If your child is removed from your custody and there is a case
plan ordered, the social worker will be required to include
in the case plan (1) services to help you reunify with your
child and (2) services to achieve legal permanence for your
child should reunification fail. Legal permanence may include
adoption or appointment of a legal guardian.
If at any time after your child is removed from you, you decide
that you are not interested in reunifying with your child, you
can talk with your social worker. You should also talk with
your lawyer, who can explain your right to (1) waive reunification
services, (2) relinquish your parental rights, and (3) assist
in the development of a permanent plan for your child.
What are the next steps?
- The social worker and others will be required to assist you
in obtaining the services listed in your case plan. It is important
that you get started on your case plan as soon as possible. Following
the case plan within the required timelines is the key to reunification
with your child.
- The court will review your case at least every six months. At
the first review hearing, the court will consider whether court
dependency for your child is still required and, if your child
has been removed from your home, whether your child may be returned
- If your child was under three years old when he or she was
first removed from your care and you have not participated regularly
in court-ordered treatment, or if you have not contacted or visited
your child during the six months, the court can end services.
If a brother or sister of the child under three was also removed,
services may end for that child also.
- If your child was over three years old and the child is not
returned to you after six months, the court can order services
for six more months.
- Services to reunify your child with you will end after 12 months
unless the court decides there is a substantial probability that
your child can be returned to you by the end of 18 months from
the time the police officer or social worker took your child away.
- If services are ended, the court will set a hearing to make
a permanent plan for the child.
In order for the court to consider
returning your child to you, you must follow the orders of the court
without delay. If the court orders a hearing for a permanent plan,
your child will not be returned to you and there will be NO more
assistance by the social worker or the court to help you reunify
with your child.
How does the court make a permanent plan for my child?

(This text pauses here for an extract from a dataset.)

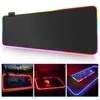 RGB Gaming Mouse Pad Large Mouse Pad Gamer Led Computer Mousepad Big Mouse Mat with Backlight Carpet For keyboard Desk Mat Mause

- If the court decides that your child will not be returned to
you and another plan for the child is required, the court must
set a hearing within four months to decide what should happen
to your child.
- At that hearing, the court has only three choices, in the following
order of preference:
- To terminate your parental rights and order the child placed
for adoption ("terminating your parental rights"
means that legally you are no longer the child's parent);
- To appoint a legal guardian for your child; or
- To place your child in long-term foster care.
- If a relative adopts your child, you, the adoptive parent(s),
and the child may agree to postadoption contact between you and
your child. Your lawyer can explain this "Kinship Adoption
Agreement" to you if adoption by a relative is the permanent
Some important things for you to remember
- The social worker cannot give you legal advice but can explain
- If you have additional questions about the process, please ask
your lawyer or the judge.
- You must tell the court and the social worker where your mail
should be sent so you will receive all the important documents
about your child. If you change your mailing address, you must
tell your social worker immediately.